***** Data for the task *****

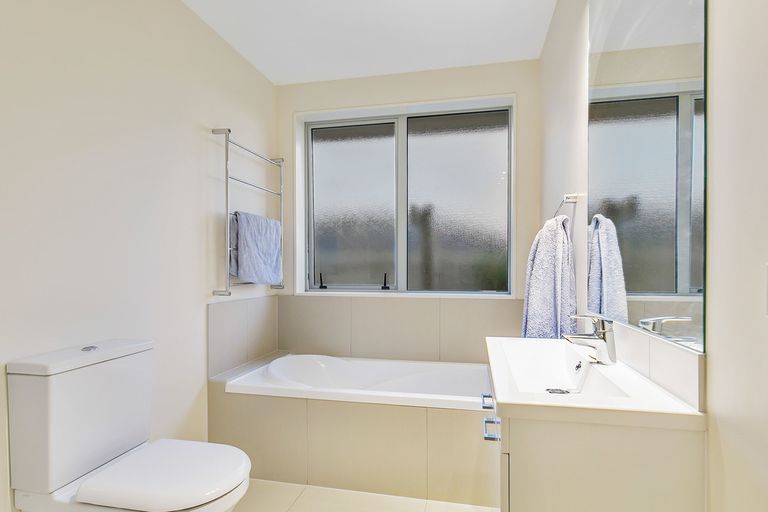 Photo of property in 26 Pyne Crescent, Pokeno, 2402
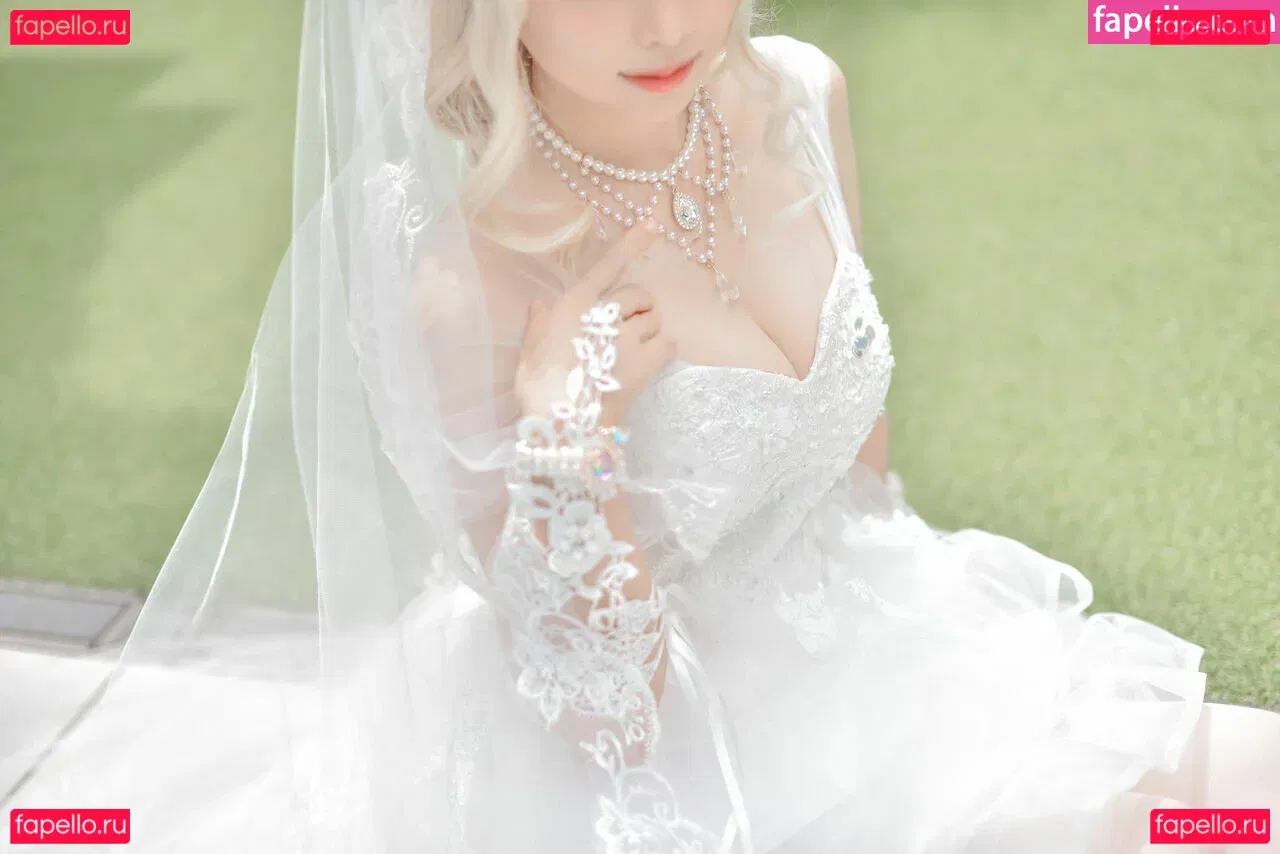 eeelyeee Onlyfans Photo Gallery 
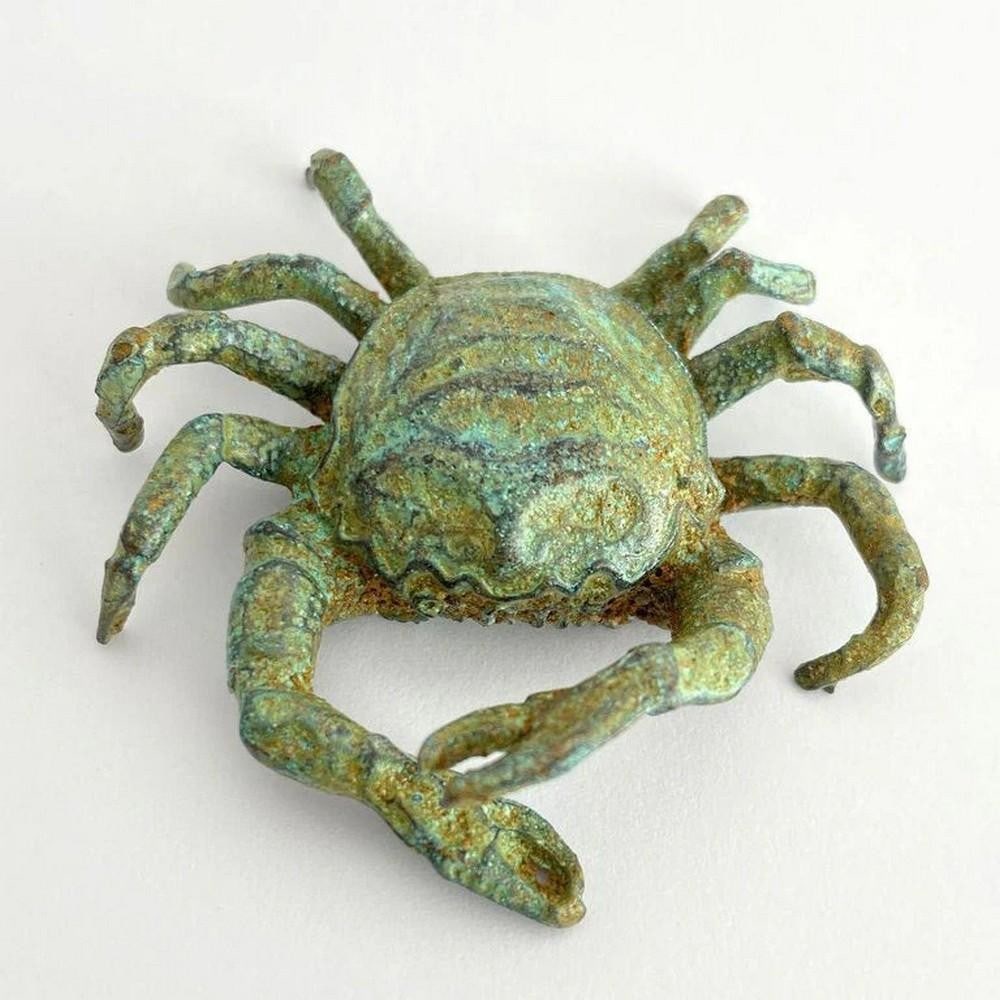 Aged Copper Crab Statuette - (0.9lbs): Aged Copper Crab Statuette - (0.9lbs) This captivating crab statuette features finely carved patterns that highlight the charm of this marine creature. Crafted from high-quality copper-zinc alloy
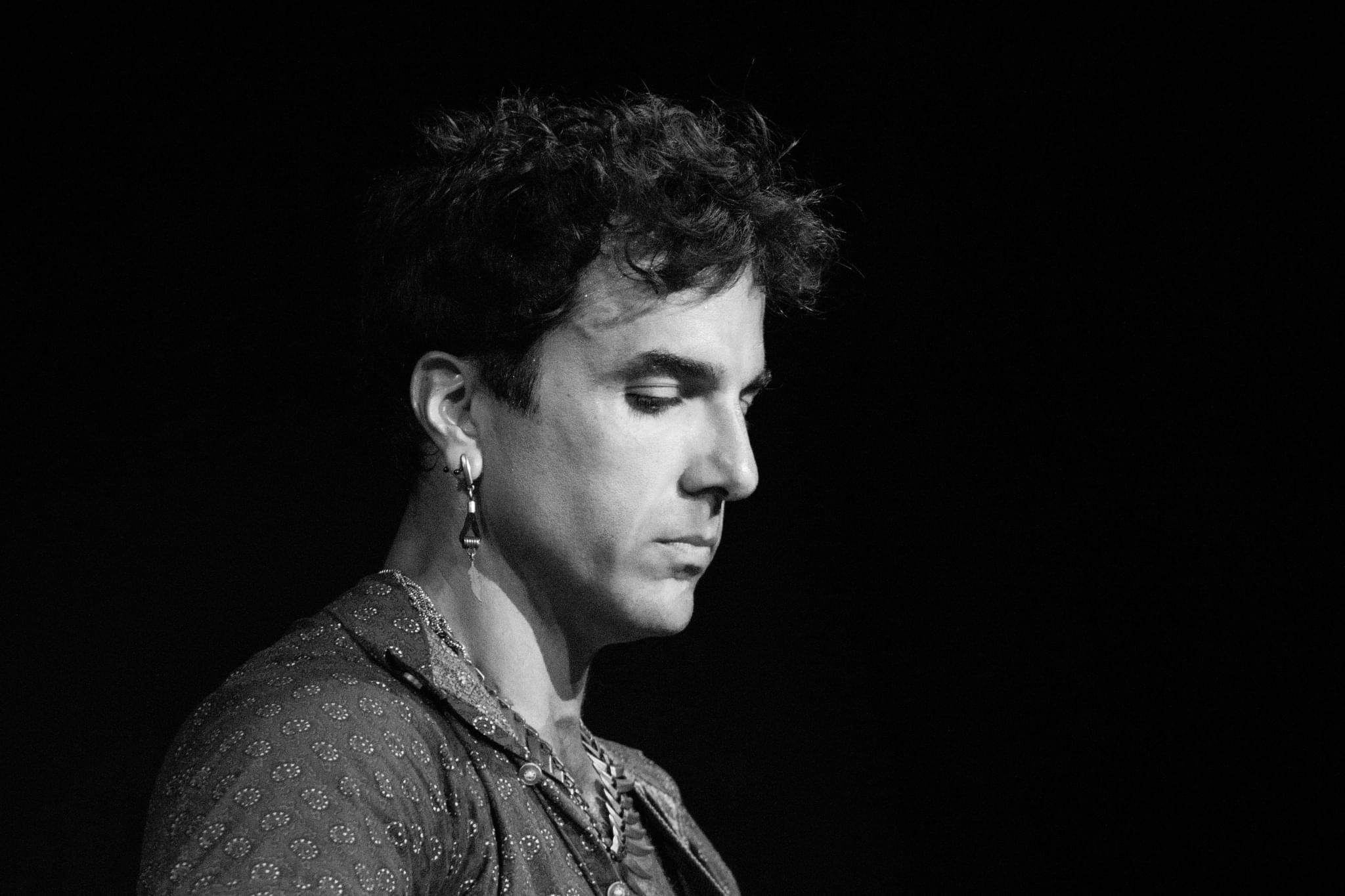 notícia Cantor Danilo Fiani apresenta “A Solidão”, música com olhar poético sobre o isolamento humano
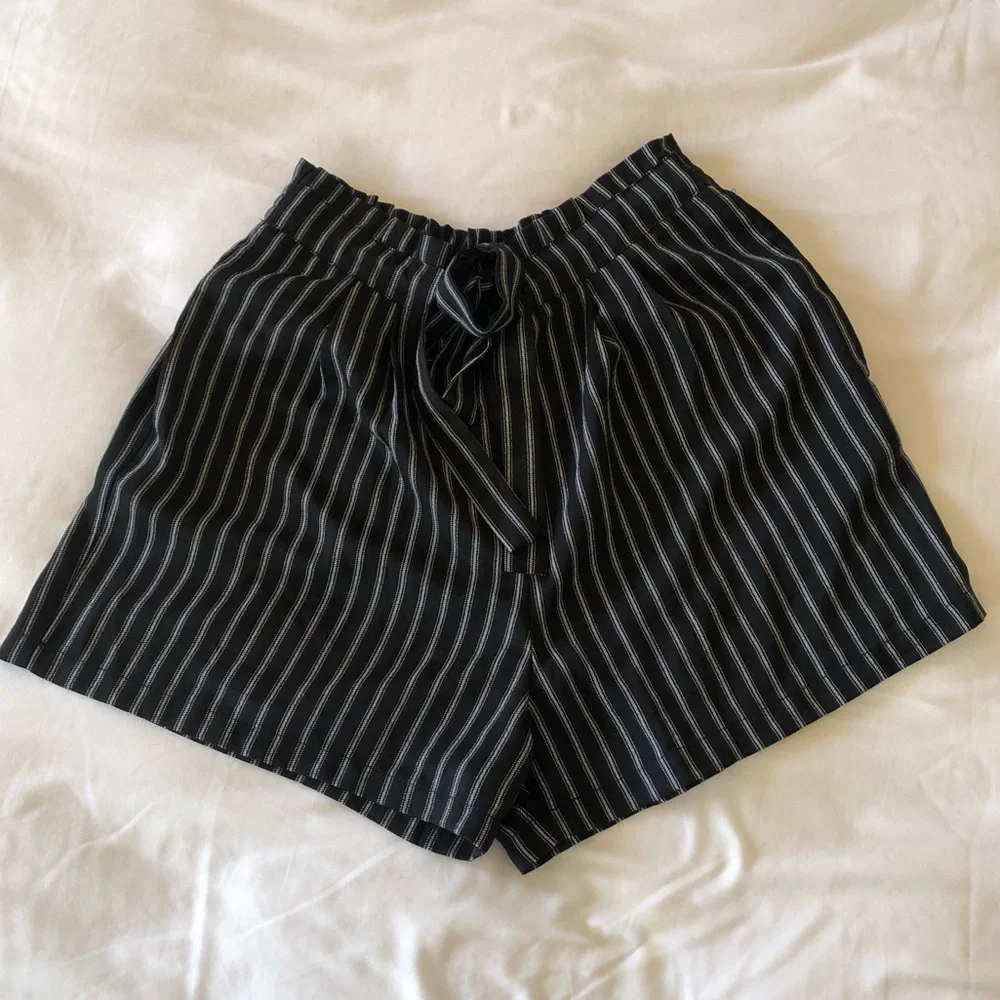 Drawstring Striped Shorts - Picture 1 of 4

*****

Your instructions:
Only exact duplicates of the lines from the one containing "eeelyeee Onlyfans Photo Gallery" through the final line of the entries, both included, are needed, with pictures left out.

Task response:
 eeelyeee Onlyfans Photo Gallery 
 Aged Copper Crab Statuette - (0.9lbs): Aged Copper Crab Statuette - (0.9lbs) This captivating crab statuette features finely carved patterns that highlight the charm of this marine creature. Crafted from high-quality copper-zinc alloy
 notícia Cantor Danilo Fiani apresenta “A Solidão”, música com olhar poético sobre o isolamento humano
 Drawstring Striped Shorts - Picture 1 of 4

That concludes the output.